- _How to complete this task_
Restrict the output to the lines below starting at the one that contains "Indiana Shower Curtain" and ending at the one that contains "MARINHA GRANDE TERRENO", and restate them word for word, both ends included.

** Opening Material supplied block **

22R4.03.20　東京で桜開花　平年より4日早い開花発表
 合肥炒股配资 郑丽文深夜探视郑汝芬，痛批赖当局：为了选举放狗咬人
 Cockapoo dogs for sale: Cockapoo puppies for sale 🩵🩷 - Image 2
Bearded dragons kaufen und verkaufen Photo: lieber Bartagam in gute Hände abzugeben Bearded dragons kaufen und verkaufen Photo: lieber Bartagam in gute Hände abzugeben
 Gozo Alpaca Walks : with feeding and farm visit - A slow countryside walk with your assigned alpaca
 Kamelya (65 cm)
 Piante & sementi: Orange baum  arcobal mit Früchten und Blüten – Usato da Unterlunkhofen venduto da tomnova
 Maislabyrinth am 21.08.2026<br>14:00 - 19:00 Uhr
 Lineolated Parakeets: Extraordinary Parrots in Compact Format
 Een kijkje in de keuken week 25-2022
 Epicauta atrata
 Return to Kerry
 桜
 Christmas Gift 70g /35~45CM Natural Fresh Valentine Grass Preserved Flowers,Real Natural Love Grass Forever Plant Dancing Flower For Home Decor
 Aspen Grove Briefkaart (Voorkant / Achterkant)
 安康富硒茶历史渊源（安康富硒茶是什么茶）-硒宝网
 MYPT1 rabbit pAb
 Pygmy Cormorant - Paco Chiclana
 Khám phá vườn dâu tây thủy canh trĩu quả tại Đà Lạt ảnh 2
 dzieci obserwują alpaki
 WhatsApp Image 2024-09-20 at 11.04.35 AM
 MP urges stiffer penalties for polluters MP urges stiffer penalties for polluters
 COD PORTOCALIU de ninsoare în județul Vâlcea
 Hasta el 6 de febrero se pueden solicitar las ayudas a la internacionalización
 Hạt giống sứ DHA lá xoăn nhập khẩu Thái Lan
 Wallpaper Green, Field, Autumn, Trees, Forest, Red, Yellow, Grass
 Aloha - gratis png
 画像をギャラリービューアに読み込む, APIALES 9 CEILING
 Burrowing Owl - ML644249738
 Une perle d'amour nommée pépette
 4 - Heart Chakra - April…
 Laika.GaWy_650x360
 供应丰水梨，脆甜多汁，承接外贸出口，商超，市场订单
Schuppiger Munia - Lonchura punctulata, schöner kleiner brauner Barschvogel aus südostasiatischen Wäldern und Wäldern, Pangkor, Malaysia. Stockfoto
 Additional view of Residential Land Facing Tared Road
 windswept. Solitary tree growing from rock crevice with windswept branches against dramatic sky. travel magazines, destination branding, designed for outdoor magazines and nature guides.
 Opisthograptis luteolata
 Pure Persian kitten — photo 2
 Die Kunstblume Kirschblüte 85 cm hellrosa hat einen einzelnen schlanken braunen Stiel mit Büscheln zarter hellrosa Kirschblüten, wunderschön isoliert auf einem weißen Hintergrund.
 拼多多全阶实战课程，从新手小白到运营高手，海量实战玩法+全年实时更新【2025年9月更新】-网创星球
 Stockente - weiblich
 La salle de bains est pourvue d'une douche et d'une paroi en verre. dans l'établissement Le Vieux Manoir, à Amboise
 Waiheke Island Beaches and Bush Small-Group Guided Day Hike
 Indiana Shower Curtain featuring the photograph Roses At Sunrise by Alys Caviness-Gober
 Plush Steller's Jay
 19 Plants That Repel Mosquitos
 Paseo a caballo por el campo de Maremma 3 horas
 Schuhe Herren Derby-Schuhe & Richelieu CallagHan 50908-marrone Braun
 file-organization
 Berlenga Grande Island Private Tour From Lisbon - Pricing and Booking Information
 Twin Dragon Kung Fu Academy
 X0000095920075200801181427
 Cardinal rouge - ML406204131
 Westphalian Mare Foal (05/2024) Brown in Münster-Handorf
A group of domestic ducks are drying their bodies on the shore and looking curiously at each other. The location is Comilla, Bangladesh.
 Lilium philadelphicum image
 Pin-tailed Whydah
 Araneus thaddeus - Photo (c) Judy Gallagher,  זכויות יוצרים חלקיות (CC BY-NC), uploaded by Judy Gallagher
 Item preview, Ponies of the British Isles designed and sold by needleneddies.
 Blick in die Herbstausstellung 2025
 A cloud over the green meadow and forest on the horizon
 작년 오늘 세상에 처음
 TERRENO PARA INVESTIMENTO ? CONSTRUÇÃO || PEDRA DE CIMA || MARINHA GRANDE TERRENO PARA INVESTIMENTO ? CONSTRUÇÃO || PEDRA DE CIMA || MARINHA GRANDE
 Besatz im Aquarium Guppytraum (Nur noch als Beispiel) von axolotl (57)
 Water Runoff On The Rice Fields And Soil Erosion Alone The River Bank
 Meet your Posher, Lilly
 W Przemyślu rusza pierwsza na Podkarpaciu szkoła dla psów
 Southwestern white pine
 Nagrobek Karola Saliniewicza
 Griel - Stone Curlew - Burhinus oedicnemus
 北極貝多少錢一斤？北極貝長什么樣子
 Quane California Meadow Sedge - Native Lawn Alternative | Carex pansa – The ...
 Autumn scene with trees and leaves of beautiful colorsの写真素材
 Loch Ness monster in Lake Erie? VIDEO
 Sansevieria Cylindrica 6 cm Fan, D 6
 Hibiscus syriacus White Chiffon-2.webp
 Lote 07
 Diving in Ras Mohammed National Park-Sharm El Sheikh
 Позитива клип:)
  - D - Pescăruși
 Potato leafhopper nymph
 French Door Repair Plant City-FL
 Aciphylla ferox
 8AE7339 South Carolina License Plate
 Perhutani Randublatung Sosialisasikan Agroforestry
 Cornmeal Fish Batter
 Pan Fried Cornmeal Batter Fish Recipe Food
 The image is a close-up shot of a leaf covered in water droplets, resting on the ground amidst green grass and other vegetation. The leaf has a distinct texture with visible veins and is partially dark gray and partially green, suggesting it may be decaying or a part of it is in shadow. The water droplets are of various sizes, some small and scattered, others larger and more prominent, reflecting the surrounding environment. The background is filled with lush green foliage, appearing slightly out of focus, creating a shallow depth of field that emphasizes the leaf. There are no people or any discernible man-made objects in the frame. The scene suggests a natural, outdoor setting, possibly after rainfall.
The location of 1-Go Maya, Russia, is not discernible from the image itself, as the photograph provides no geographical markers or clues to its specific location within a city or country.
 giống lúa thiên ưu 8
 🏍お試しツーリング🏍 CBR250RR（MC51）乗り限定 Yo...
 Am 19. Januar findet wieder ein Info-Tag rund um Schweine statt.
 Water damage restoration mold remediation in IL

** Closing Material supplied block **

- _Answer_
 Indiana Shower Curtain featuring the photograph Roses At Sunrise by Alys Caviness-Gober
 Plush Steller's Jay
 19 Plants That Repel Mosquitos
 Paseo a caballo por el campo de Maremma 3 horas
 Schuhe Herren Derby-Schuhe & Richelieu CallagHan 50908-marrone Braun
 file-organization
 Berlenga Grande Island Private Tour From Lisbon - Pricing and Booking Information
 Twin Dragon Kung Fu Academy
 X0000095920075200801181427
 Cardinal rouge - ML406204131
 Westphalian Mare Foal (05/2024) Brown in Münster-Handorf
A group of domestic ducks are drying their bodies on the shore and looking curiously at each other. The location is Comilla, Bangladesh.
 Lilium philadelphicum image
 Pin-tailed Whydah
 Araneus thaddeus - Photo (c) Judy Gallagher,  זכויות יוצרים חלקיות (CC BY-NC), uploaded by Judy Gallagher
 Item preview, Ponies of the British Isles designed and sold by needleneddies.
 Blick in die Herbstausstellung 2025
 A cloud over the green meadow and forest on the horizon
 작년 오늘 세상에 처음
 TERRENO PARA INVESTIMENTO ? CONSTRUÇÃO || PEDRA DE CIMA || MARINHA GRANDE TERRENO PARA INVESTIMENTO ? CONSTRUÇÃO || PEDRA DE CIMA || MARINHA GRANDE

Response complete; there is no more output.